A new study of the educational needs of students who are native users of American Sign Language (ASL) shows glaring disparities in their treatment by the U.S Department of Education. The article, “If you use ASL, should you study ESL? Limitations of a modality-b(i)ased policy,” by Elena Koulidobrova (Central Connecticut State University), Marlon Kunze (Gallaudet University) and Hannah Dostal (University of Connecticut), will be published in the June, 2018 issue of the scholarly journal Language.
The US legal system offers various protections to children for whom English is an additional language, such as access to focused English instruction to facilitate mastery of the academic curriculum. However, these laws do not protect all multilingual students in the US. One population of bilingual students has been systematically excluded from these protections are those whose native language is ASL. The authors’ research shows that ASL has long been considered a system of communication for people with hearing needs and viewed through the prism of disability as opposed to multilingualism. However, as decades of linguistic research have revealed, ASL is a language in its own right and independent from English; it is the primary language of the Deaf community in the US, but there are also many members of the ASL community who are not deaf. Yet, the conflation between the lack of hearing and language drives the linguistic, as well as educational policy, of the US government.

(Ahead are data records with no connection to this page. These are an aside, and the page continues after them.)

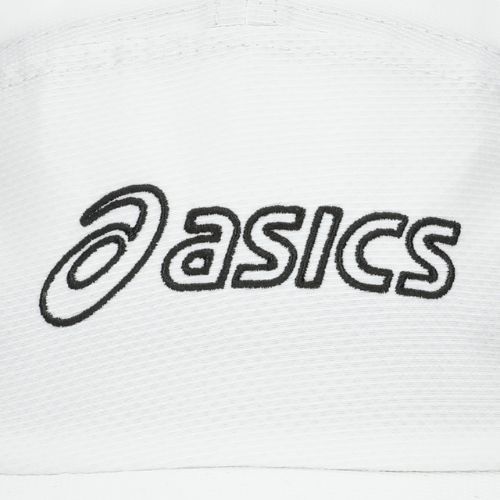 Czapka z daszkiem ASICS Performance Running 5 Panel brilliant white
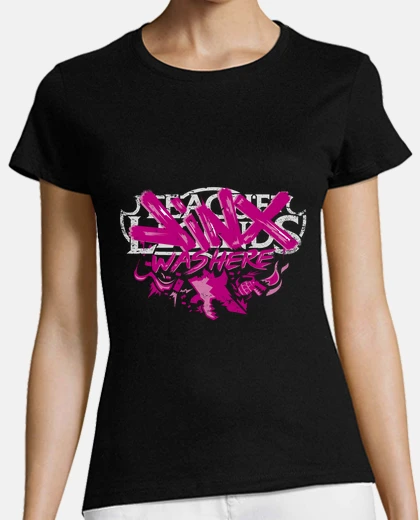Tee-shirt jinx était ici
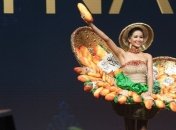 Мисс Вселенная 2018: вьетнамская участница показала шокирующий национальный наряд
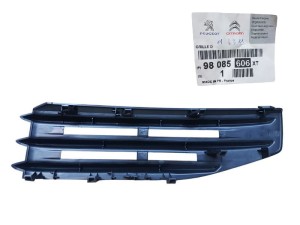 Grille de pare-chocs droit Peugeot 508 98085606XT - NEUF D'ORIGINE OE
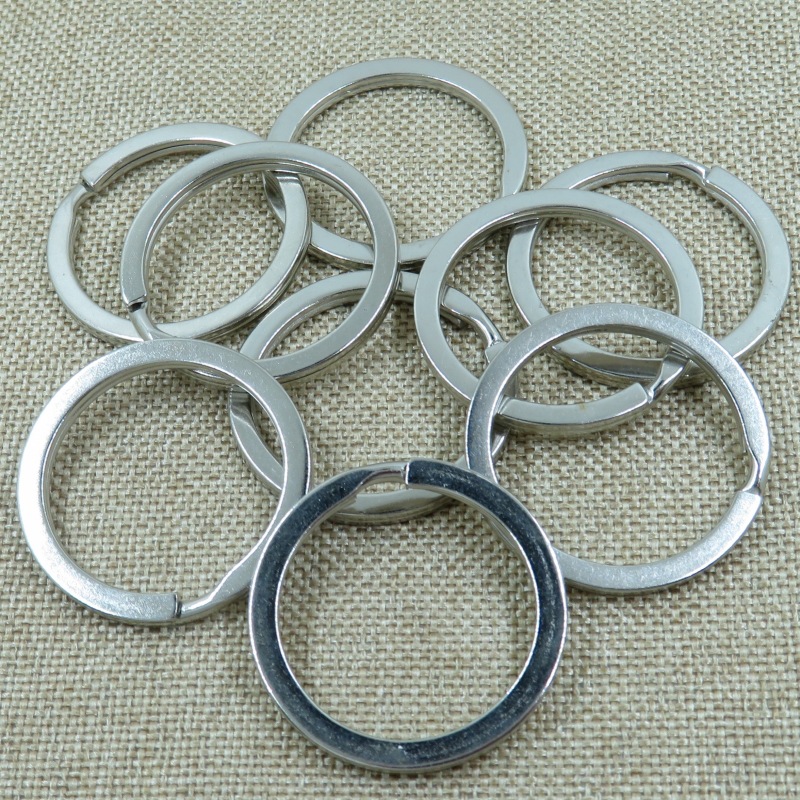 厂家直销  优质铁环 圆环 焊接圆环 铁圈 光圈 钥匙圈 O形圈 圆圈示例图13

Among the most serious ramifications of the exclusion of ASL users from the legal policies on multilingual education is that no data has ever been systematically collected on users of ASL who have no disabilities: we simply do not know with certainty how many typically developing children in the US school system have ASL as a native language. This article systematically demonstrates that there are different kinds of “ASL native” groups, and each is truly multilingual in all the ways which have by now become familiar as a result of previous linguistic research with individuals who speak other languages. Schools and educators understand the need to separate issues of language impairment from language development so that ASL users are able to receive appropriate linguistic support. The authors propose explicit programmatic curricular suggestions, but more importantly, they call for a change in policy that would dismantle the conflation between language and disability and, therefore, finally take the US closer to equity for children whose native language is a sign language.